{recipe} Tomato Tarte Tatin with Capers & Caramelized Onions
We are coming into the peak of our Indian summer here in the Bay Area, which means the tomato plants are overflowing with their multi-hued bounty. We do grow some large tomatoes, but the sweetest, juiciest ones are always the miniature Sungolds and cherry tomato varieties. With enough pasta sauce canned and in the pantry to last until next summer, I thought it was time to try something a little different – a tomato version of a tarte tatin, mostly savory, a little sweet, with salt, tang, and complexity from some capers and caramelized onions.
It is important to serve this as soon as it comes out of the oven, or it will become soggy.
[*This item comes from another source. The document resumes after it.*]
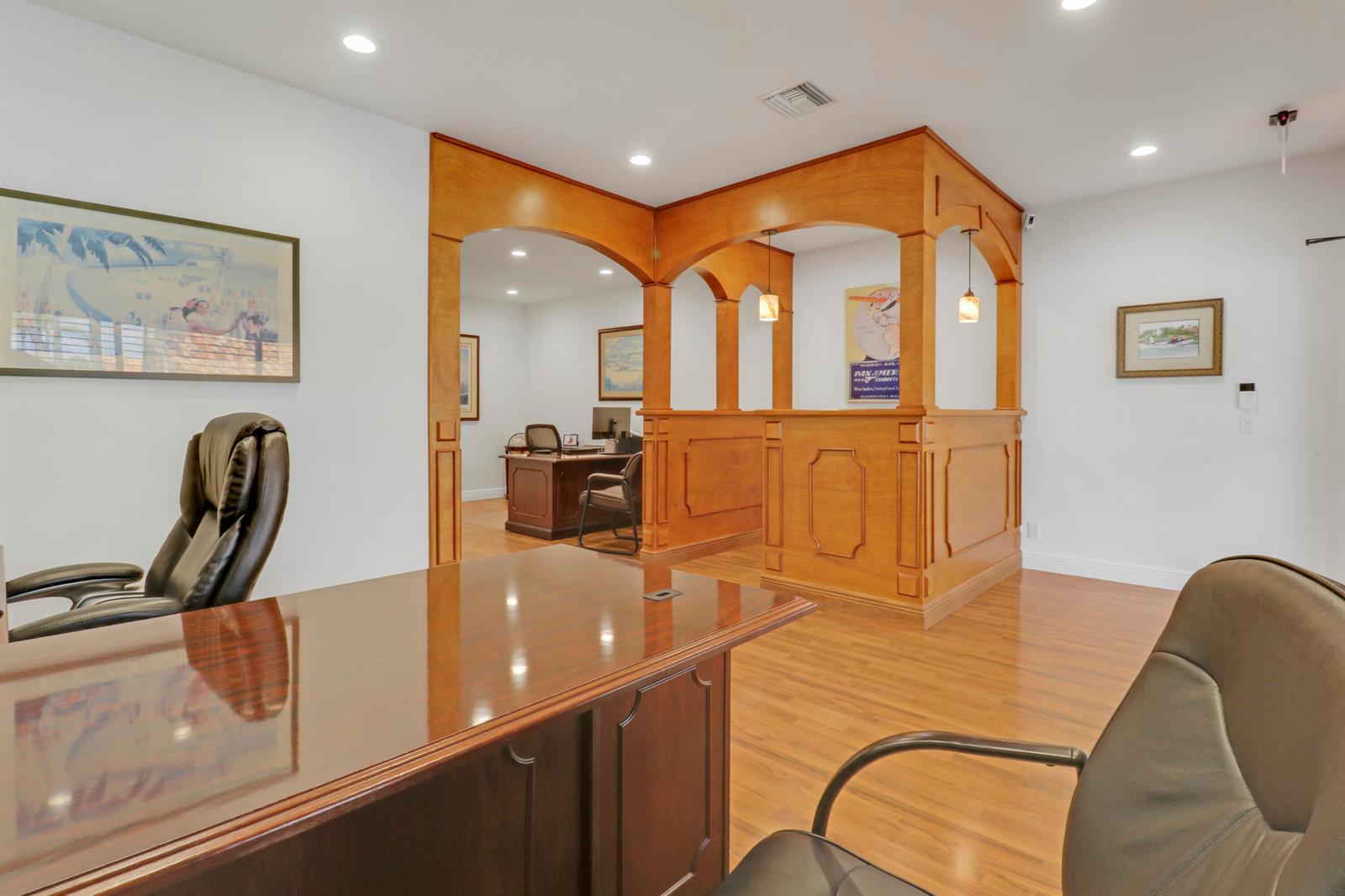 An office space features wood flooring, a wooden reception partition, and two dark leather chairs — 725 N Hwy A1a # C110, Jupiter FL 33477, JUPITER, FL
Fresh out of the oven, the vegetables are soft and yielding, bursting with juice, in contrast to the flaky, crispy crust.
I think this is most at home on the brunch or lunch table alongside soft scrambled eggs or a simple salad.
Recipe: Tomato Tarte Tatin with Capers & Caramelized Onions
serves 4-6
INGREDIENTS:
- 1 frozen package puff pastry (all butter version; I like the Dufour brand if you can find it)
- 2 Tblsp butter
- 3 medium yellow onions, sliced thinly
- 1/4 cup sugar
- 1 tsp balsamic vinegar
- 1 heaping Tblsp capers, rinsed and drained
- 2 tsp chopped fresh herbs of your choice – oregano, thyme, rosemary, and marjoram are all good choices
- about 1 pound cherry tomatoes (a mix of colors is pretty if possible)
- salt and pepper to taste
METHOD:
- Melt butter in a large non-stick saute pan over medium heat. Add onions and turn heat to medium low. Season with salt. Cook, stirring often, for about 30-40 minutes until onions are soft, brown, and caramelized. Remove from heat and set aside.
- Preheat oven to 425 degrees F.
- Choose an ovenproof skillet or pan to use for the tarte, ideally of 9-10 inches. Put sugar in the pan and add enough water so it has the consistency of wet sand. Cook over medium heat until sugar melts and turns brown. During this process DO NOT STIR the mixture as it will caramelize – you may swirl it gently and occasionally if necessary.
- Once the sugar reaches the amber color, Immediately add vinegar, swirl gently, and turn off heat.
- Sprinkle capers and herbs over the caramel, then the tomatoes in an even layer. Spread caramelized onions over. Season with salt and pepper.
- Carefully unfold the puff pastry and cut into a circle that is 1 inch larger in diameter than the pan. Place the puff pastry disc on top of the onions and tuck the edges into the pan. Cut 3-4 vents in the pastry with a sharp knife.
- Bake until golden and puffy, about 30 minutes. Let stand 5 minutes, then run a knife around the pastry to loosen it. Carefully flip over onto serving plate.
- Serve immediately.
What a delightfully different recipe! Looks grand! Had to read it a couple times to understand how to do the puff pastry. Sounds simple enough and delish. Now I have to have a little brunch or tea party to show it off.
@Lee Anne – I’m sorry if it was confusing! If you have specific suggestions as to how to make it more clear, let me know. Thank you!
Hi Karen! Just read over your instructions again and must say, I think you’re definitely clear in your instructions. What probably confused me was the method since I’ve never used puff that way. BTW, made it with grape tomatoes from the yard and some baby heirlooms from the store and IT WAS DIVINE! The caramel/tomato/onion flavor combo, well you should file for a patent on that one. Must say nothing beats homegrown tomatoes. Pretty proud of myself there. Great recipe. A total keeper.